Tuesday July 21st, 2015

FIFA has told Crossfire Premier to take its case against Major League Soccer and the United States Soccer Federation for solidarity payments to the governing body’s Dispute Resolution Chamber in a letter obtained by SI.com. Since February, Crossfire has been seeking payments on DeAndre Yedlin’s transfer from MLS to Tottenham Hotspur in conjunction with FIFA regulations.

After initiating correspondence with Spurs, Crossfire alleges that MLS prevented the club receiving its due payment and that U.S. Soccer would not intervene. On June 29, Crossfire sent a letter to the FIFA Executive Committee asking for intervention or permission to sue MLS and U.S. Soccer in the U.S. or United Kingdom.

“We acknowledge receipt of your correspondence … and have noted that you deem that Crossfire Foundation is entitled to a portion of the solidarity contribution,” FIFA says in its letter, which was copied to U.S. Soccer. “The body competent to hear disputes relating to the solidarity mechanism between clubs belonging to different associations is the Dispute Resolution Chamber.”

The usually steep cost was one major sticking point that prevented Crossfire from taking its case to the DRC immediately, but the letter from FIFA states that bringing this case would cost no more than 5,000 Swiss francs, or just less than $5,300 at the time of writing. The club previously believed it would be on the hook for 25,000 francs or $26,300, a much more prohibitive amount.

Because the buying club is responsible for paying solidarity fees to a player’s previous youth clubs, Crossfire will have to bring its case against Tottenham rather than MLS and U.S. Soccer directly. However, through divulging details of the case to FIFA, the American bodies will likely be roped into the proceedings as well, should Crossfire file its claim in Zurich.

Planet Futbol
More U.S. youth clubs, including Dempsey's, join compensation fight

In FIFA's Regulations on the Status and Transfer of Players, Article 20 dictates that training compensation must be paid to all clubs that had a hand in a player’s development up to age 21 for first-time professionals and transfers between clubs in different national associations until he turns 23.

Article 21 states that solidarity is due for non-free player transfers to every club that held his registration until age 23.

Training compensation is designed to reimburse clubs for their expenses in a player's training, while solidarity is meant to reward clubs for that development, regardless of who paid the fees.

Yedlin turned 22 earlier this month.

Since Crossfire’s initial letter to FIFA, the list of clubs going public with disputes against U.S. Soccer and MLS with regard to solidarity has grown.

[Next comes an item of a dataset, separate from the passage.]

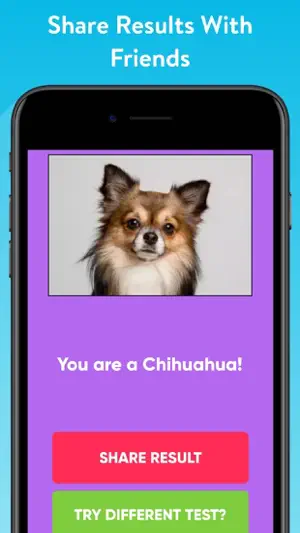 What Type Of Dog Are You? screenshot 3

It now includes Chicago Magic, De Anza Force, Westside Timbers, Northwest Nationals and Clint Dempsey’s former club, Dallas Texans SC, as well as others that have not publicly divulged their grievances yet.

In earlier interviews with SI.com, Texans president Paul Stewart and Crossfire lawyer Lance Reich said the class of U.S. clubs is considering an alternative to requiring adherence to the FIFA regulations. They would be open to establishing a unique system whereby American clubs could be rewarded and incentivized for player development.

However, with FIFA’s acknowledgement of the case and a clear path to filing claims with the world’s governing body, time for a settlement among all parties involved is growing ever shorter.